Gouvernance, Bénin – Dans une interview exclusive avec Babylas Atinkpahoun du quotidien du service public, le professeur Aubain Godjo, jurisconsulte et expert en marchés publics, a livré une analyse pointue des sanctions dans le domaine des marchés publics, mettant en lumière les incohérences et les difficultés d’application du Code des marchés publics de 2020.
Selon le spécialiste, un ajustement des politiques de sanction serait nécessaire pour répondre aux réalités des fonctionnaires, tout en prenant en compte les limites de l’actuel système répressif.
Un Code des marchés publics aligné sur le Code pénal, mais aux effets parfois injustes
Interrogé sur l’adaptation des sanctions aux réalités des fonctionnaires, le Pr. Godjo a souligné que les sanctions “ne sont pas directement prévues dans le Code des marchés publics, mais dans le nouveau Code pénal”, ce qui inclut des infractions comme la corruption. Cette combinaison avec le Code pénal entraîne une rigueur parfois excessive, car “l’autorité de régulation applique des sanctions […] pouvant aller jusqu’à cinq ans”, une mesure lourde de conséquences, surtout pour les contractuels.
L’expert cite des cas concrets, comme celui d’un maire accusé de “saucissonnage” pour avoir acheté des motos en plusieurs tranches, une faute qui aurait pu être évitée par une meilleure connaissance du Code. Cette approche “illustre que la répression […] n’est pas adaptée” et que le renforcement des compétences des acteurs pourrait prévenir de telles erreurs.
Une mise en œuvre imparfaite nécessitant des clarifications de la part des régulateurs
Le Pr. Godjo critique également l’organe de régulation, qui, selon lui, émet souvent des “circulaires pour guider les acteurs sur des dispositions difficiles à appliquer”, posant ainsi la question de la légitimité de telles pratiques. Il estime que la loi doit primer sur les circulaires, car leur multiplication engendre “des lacunes” dans l’application du Code, et les acteurs peinent à s’y conformer.

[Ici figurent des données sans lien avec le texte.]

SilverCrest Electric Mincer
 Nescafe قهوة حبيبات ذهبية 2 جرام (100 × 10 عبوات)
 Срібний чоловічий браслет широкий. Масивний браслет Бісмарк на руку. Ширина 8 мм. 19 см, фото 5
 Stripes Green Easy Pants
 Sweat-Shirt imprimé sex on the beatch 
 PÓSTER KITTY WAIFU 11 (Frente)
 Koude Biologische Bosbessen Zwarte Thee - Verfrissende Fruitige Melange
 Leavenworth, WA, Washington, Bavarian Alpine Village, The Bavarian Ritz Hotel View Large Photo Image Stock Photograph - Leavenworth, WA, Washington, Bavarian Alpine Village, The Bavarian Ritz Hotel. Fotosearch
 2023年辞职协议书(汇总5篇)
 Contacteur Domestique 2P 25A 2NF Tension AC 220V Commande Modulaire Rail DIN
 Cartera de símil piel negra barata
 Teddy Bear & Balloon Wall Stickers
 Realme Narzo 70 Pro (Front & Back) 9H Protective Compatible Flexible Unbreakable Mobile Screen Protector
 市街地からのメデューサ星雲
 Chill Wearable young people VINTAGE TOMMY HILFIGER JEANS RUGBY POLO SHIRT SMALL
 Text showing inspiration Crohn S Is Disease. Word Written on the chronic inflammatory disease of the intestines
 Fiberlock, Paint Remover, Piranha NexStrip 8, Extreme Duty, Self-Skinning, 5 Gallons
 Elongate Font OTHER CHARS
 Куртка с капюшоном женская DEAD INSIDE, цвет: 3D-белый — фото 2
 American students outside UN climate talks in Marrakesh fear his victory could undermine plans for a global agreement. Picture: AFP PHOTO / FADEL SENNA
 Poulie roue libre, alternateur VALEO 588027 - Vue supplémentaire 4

Cette “politique publique assumée” de répression sévère est pourtant remise en question par le spécialiste, qui dénonce un manque de discernement dans le traitement des agents des marchés publics. Pour lui, le système actuel manque de nuances, et il plaide pour une distinction claire entre faute professionnelle et faute pénale. “Un électricien qui commet une erreur est soumis à des sanctions disciplinaires”, explique-t-il, tandis qu’un fonctionnaire des marchés publics pourrait, pour une erreur mineure, “se retrouver face à une sanction pénale”. Ce traitement rigide et souvent disproportionné nuit, selon lui, à l’efficacité des réformes du secteur.
Pressions et méconnaissance des textes : des facteurs souvent à l’origine des erreurs
Lors de l’interview, Babylas Atinkpahoun a soulevé la question des pressions auxquelles sont confrontés les responsables de marchés publics (Prmp), un sujet délicat sur lequel le jurisconsulte n’a pas hésité à s’exprimer. “Les Prmp sont confrontées à des pressions”, mais disposent souvent de moyens pour résister à ces sollicitations, tout en étant influencées par leur “personnalité et vision à long terme”. Le Pr. Aubain Godjo confie même avoir, dans le passé, insisté sur le respect des règles malgré les demandes de son supérieur de “contourner une procédure”.
Au-delà des pressions, la méconnaissance des règles est une cause fréquente des erreurs commises, comme le souligne le professeur. De nombreux agents des marchés publics ignorent les dispositions relatives aux conflits d’intérêts, un problème qui serait facilement évité par des formations adéquates. “Le renforcement des capacités est essentiel” pour pallier ces lacunes et améliorer la gouvernance des marchés publics, insiste-t-il.
Des réformes pour un système plus juste
Pour améliorer la situation, le Pr. Godjo propose une refonte du système qui passerait par une “meilleure professionnalisation” et des moyens adéquats pour les organes de contrôle. Il invite également à une révision globale des méthodes de sanction pour éviter que des fonctionnaires, placés sous mandat de dépôt, soient “relâchés faute de preuves suffisantes”. Le recours systématique à l’incarcération est, selon lui, inadapté et injustifié pour des agents “qui ne sont pas des fugitifs potentiels”. Il prône ainsi une politique plus nuancée qui, au lieu d’incarcérer, privilégierait des poursuites sans détention provisoire.
Enfin, le professeur Aubain Godjo, qui trouve que “le Code des marchés publics de 2020 n’est pas parfait”, appelle à une “pause pour évaluer l’impact de cette politique publique”, rappelant que, bien que le régime de la Rupture ait introduit de nombreuses réformes, certaines sanctions sont disproportionnées. Une réévaluation de ces pratiques, tenant compte des réalités du terrain, serait selon lui essentielle pour une meilleure justice et une gouvernance efficace.